An exact copy is needed of the lines from the one that contains "MSI Sword |" through the final line of the data below, with pictures left out.

START Information supplied

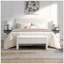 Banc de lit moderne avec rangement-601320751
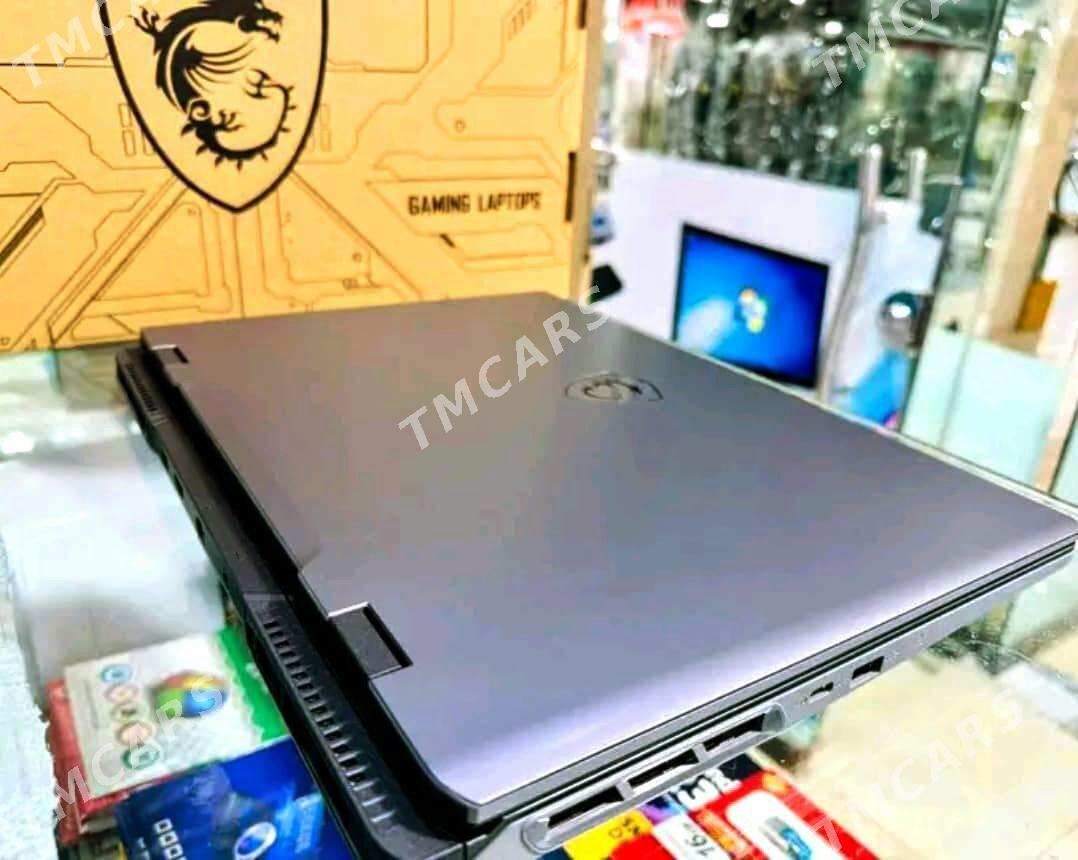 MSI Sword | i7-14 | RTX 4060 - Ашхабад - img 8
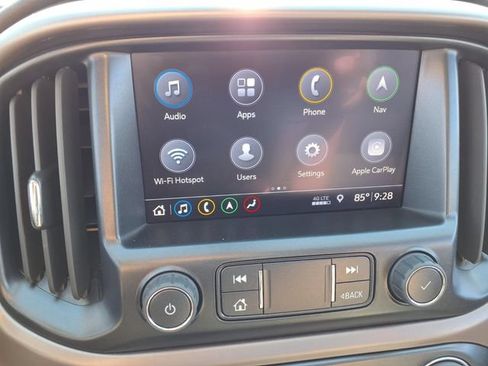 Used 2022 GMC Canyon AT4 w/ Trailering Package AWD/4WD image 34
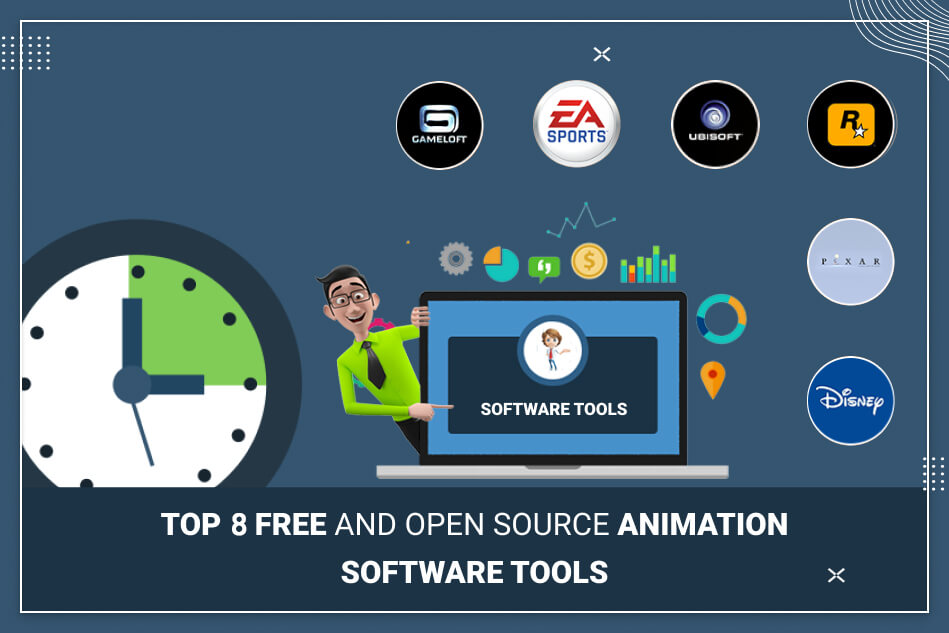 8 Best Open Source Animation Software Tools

END Information supplied

_Answer for the task_.
 MSI Sword | i7-14 | RTX 4060 - Ашхабад - img 8
 Used 2022 GMC Canyon AT4 w/ Trailering Package AWD/4WD image 34
 8 Best Open Source Animation Software Tools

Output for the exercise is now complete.